Dün bir genç geldi, zor kötek bir spor ayakkabı beğendi. Yaşı 25-30 arası gösteriyordu. Abi ayır bu ayakkabıyı babaannemden para isteyip geleceğim dedi. Gitti bir saat sonra geri geldi, babaannem bu kadar verdi dedi, ben de az bir kâr ile verdim. Babaanne ortalama 80 yaşında, torunu 30 yaşında. Çalışmayıp üretmeyip, zora gelmeyip babaannesinin emekli maaşına göz diken, bununla geçinen torun… Yazık, çok yazık! Maalesef ülkemizde böyle geçinen insan tipleri mevcut. Başkasının gemisiyle sahile çıkmaya çalışan. Gençse, daha yazık!
Havam olsun, karizmam olsun, şöhretim olsun, çok param pulum olsun, makamım, statüm olsun, evim arabam olsun, evimde hizmetçim olsun ama yatarak olsun, çalışmadan olsun, telefonun, televizyonun karşısında çay kahve içerken olsun, kendimi yormadan, germeden, üzmeden, sorumluluk almadan olsun diyen çarpık bir anlayış, düşünce türedi. Her şeye sahip olayım ama kolay yoldan, çalışmadan, üretmeden, sabah kalkıp işe gitmeden olsun diyen bir anlayış.
Yem çuvalı ile kağıt, plastik toplayarak geçimini sağlamaya çalışan, nâ-merde değil merde bile muhtaç olmamaya çalışan yaşlı insanları görüyorum, boyundan daha büyük çuvalları sırtlamış. Bir taraftan da yaşı çok genç ama çalışmaya yanaşmayan istedikleri alınmayınca da anne babasına veya yakınına eziyet veren, ortalığı birbirine katan, tembel, uyuşuk, rahatına düşkün insan tipi. En tehlikeli insan tipi bunlar. Hep hastadırlar, mağdur edebiyatı yaparlar, hep şikayet ederler, zora gelmez, sorumluluk almaz, bedava yaşayıp ölmek isterler.
Mehmet Akif der:
“Allah’a dayandım diye sen çıkma yataktan
Mânâ-yı tevekkül bu mudur? Hey gidi nâdan!”
“Kim ki bu dünyada kazanmazsa bir ekmek parası
Dostunun yüz karası düşmanın maskarası”
“Bir baksana yerler uyanık gökler uyanıktır
Dünya uyanıkken uyumak maskaralıktır”
“Allah’a dayan sa’ye sarıl hikmete râm ol
Yol varsa budur bilmiyorum başka çıkar yol”
Yaradan, yaşatan bize çalışma aşkı şevki versin, çalışmayı sevdirsin.

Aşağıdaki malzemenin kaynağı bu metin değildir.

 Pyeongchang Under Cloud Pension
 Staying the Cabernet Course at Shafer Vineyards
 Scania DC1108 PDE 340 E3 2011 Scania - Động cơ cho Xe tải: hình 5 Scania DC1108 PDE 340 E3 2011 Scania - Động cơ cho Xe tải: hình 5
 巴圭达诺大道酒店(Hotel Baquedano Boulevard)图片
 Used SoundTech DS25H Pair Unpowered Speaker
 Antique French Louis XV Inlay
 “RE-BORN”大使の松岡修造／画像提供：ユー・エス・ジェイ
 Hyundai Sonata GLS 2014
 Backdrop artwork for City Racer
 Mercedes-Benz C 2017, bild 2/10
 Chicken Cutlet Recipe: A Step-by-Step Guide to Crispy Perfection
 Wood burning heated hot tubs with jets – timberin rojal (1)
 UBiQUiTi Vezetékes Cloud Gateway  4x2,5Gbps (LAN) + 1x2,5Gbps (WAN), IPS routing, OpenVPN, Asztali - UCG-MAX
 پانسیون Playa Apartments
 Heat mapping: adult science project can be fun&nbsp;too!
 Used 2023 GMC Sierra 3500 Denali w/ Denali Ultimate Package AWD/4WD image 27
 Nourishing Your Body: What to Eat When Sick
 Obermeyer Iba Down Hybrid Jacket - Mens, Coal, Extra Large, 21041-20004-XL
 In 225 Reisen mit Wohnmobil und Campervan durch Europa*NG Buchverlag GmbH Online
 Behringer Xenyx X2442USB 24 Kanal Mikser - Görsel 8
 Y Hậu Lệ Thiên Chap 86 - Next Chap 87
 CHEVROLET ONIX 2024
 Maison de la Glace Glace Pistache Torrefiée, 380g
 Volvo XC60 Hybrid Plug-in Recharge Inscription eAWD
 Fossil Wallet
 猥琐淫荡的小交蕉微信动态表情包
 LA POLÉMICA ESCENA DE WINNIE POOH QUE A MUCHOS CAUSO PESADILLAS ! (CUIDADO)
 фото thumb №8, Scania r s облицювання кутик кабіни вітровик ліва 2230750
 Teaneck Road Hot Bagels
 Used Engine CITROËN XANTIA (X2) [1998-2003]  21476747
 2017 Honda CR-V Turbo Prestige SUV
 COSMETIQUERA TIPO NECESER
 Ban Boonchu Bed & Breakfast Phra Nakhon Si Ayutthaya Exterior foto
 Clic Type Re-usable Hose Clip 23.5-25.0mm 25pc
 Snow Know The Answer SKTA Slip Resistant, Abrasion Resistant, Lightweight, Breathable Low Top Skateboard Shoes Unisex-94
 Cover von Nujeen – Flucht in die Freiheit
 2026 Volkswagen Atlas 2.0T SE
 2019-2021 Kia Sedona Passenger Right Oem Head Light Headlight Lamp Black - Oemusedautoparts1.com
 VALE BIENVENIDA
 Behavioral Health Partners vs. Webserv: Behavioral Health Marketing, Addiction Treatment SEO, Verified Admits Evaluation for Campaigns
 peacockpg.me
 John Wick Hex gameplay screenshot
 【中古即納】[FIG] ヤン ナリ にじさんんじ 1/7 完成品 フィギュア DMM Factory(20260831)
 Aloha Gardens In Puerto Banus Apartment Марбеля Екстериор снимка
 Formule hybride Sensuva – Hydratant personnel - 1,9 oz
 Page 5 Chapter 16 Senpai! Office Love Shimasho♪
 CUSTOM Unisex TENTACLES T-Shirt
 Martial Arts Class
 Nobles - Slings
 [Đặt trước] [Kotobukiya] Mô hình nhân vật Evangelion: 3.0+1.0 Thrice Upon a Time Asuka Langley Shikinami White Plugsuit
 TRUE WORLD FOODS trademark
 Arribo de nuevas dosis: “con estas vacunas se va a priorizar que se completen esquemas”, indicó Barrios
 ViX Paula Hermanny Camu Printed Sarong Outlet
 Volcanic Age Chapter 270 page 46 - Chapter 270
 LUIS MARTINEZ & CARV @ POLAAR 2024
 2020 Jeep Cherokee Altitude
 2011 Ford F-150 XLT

Çalışmamak, bir ömür yük olmak zillettir.
Sonuç: Biz böyle değildik, bir şeyler oldu bize. Kolay olsun, hazır olsun, hızlı olsun der olduk. Batıdan esen yel bizi bozdu. İslam medeniyetinde istemenin de bir izzeti var. Çalışmak, çok çalışmak, üretmek. Kimseye yük olmamak için niyet edip çalışmak. Sabah yorganı üzerinden atıp, sabah güneşinden önce işe koyulan insan değerlidir, eli öpülür. Gece bir türlü yatmayı bilmeyen sabah da kalkmada zorlanan, önce kendini, geleceğini yakar.